◆ The problem: Please copy the records exactly as they appear, with all pictures left out.

Records from a data source:
^^^^^^^^^^^^^^^^

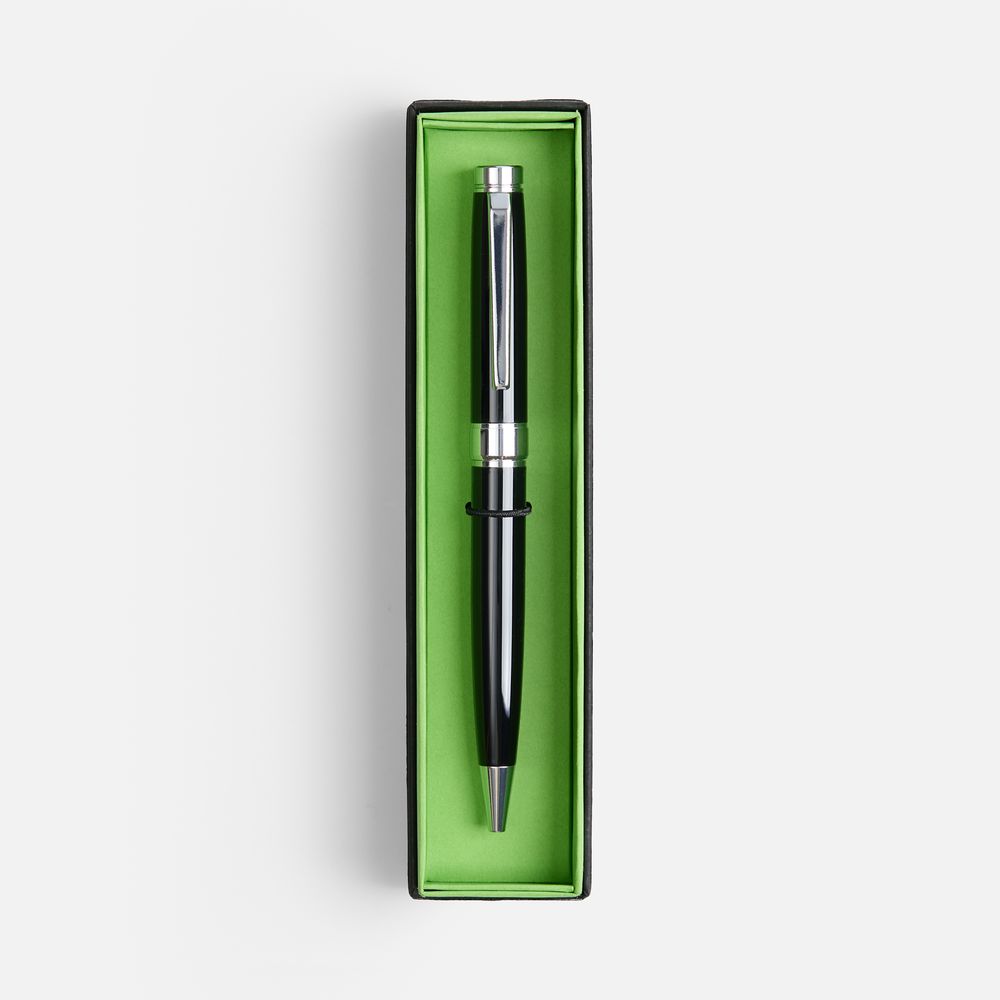 Ручка шариковая Broad Ring в футляре, глянцевая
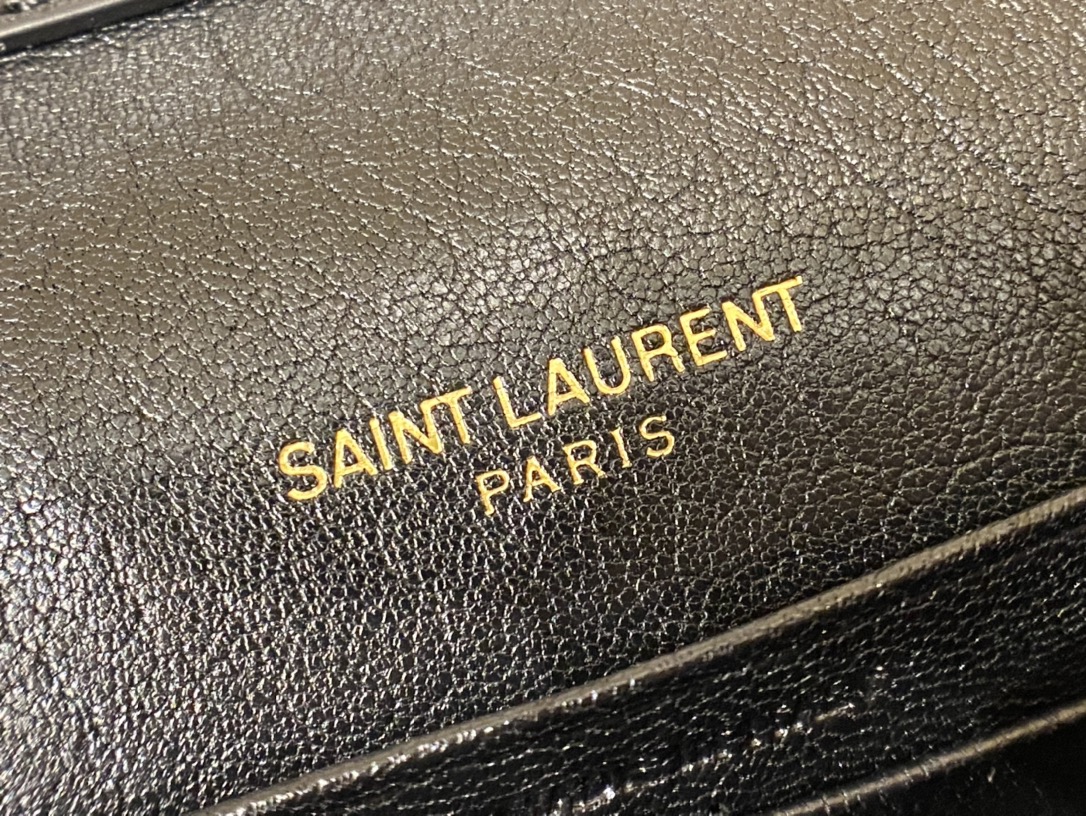 YSL Niki Chain Wallet Bag Black - Image 10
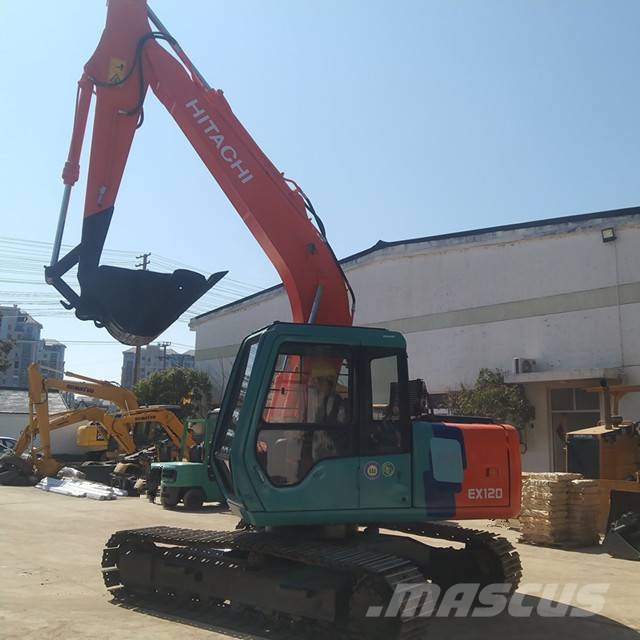 Hitachi EX 120 حفارات زحافة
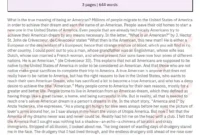 What It Means To Be An American Essay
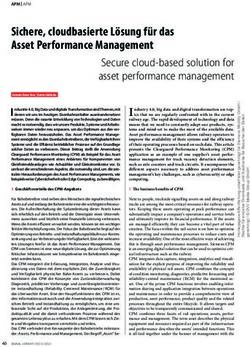 Sichere, cloudbasierte Lösung für das Asset Performance Management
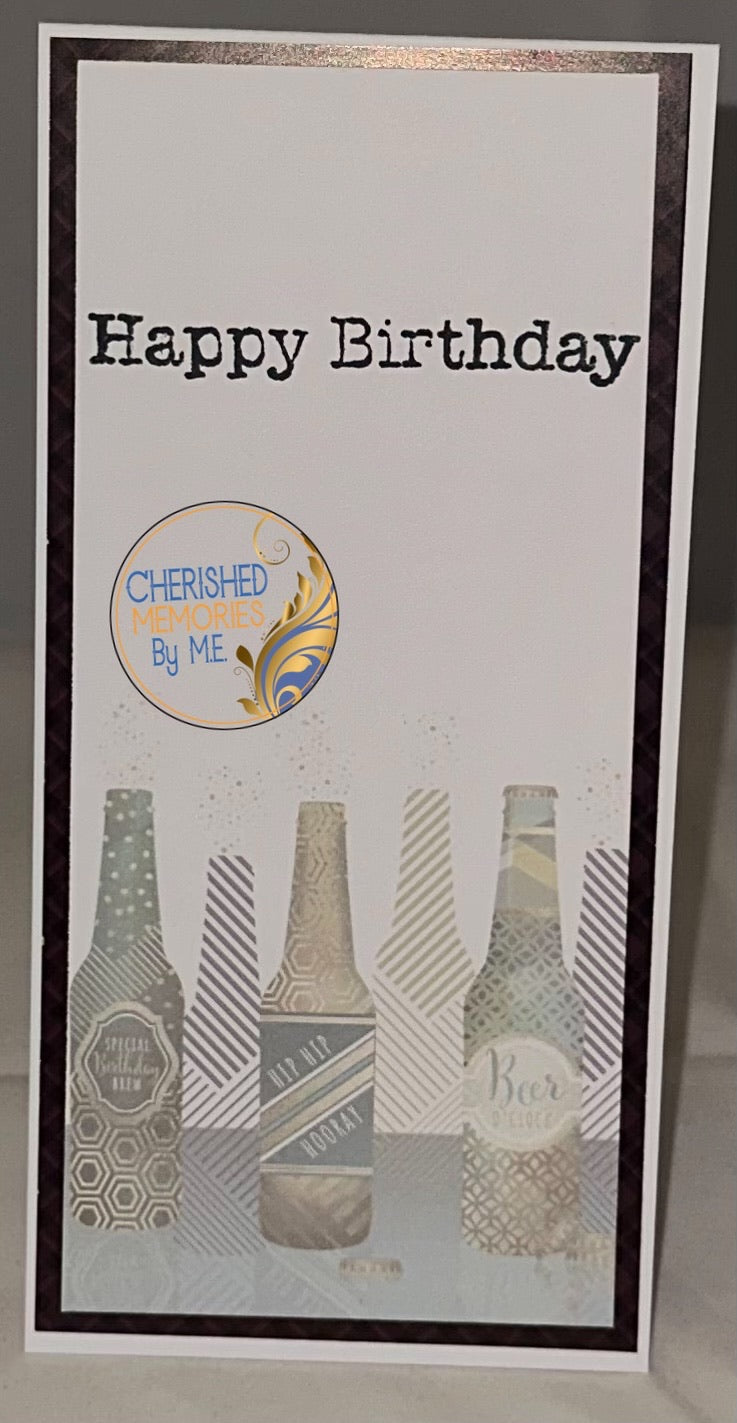 DL Top Folding Birthday Cards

^^^^^^^^^^^^^^^^

◆ Result of this task:
 Ручка шариковая Broad Ring в футляре, глянцевая
 YSL Niki Chain Wallet Bag Black - Image 10
 Hitachi EX 120 حفارات زحافة
 What It Means To Be An American Essay
 Sichere, cloudbasierte Lösung für das Asset Performance Management
 DL Top Folding Birthday Cards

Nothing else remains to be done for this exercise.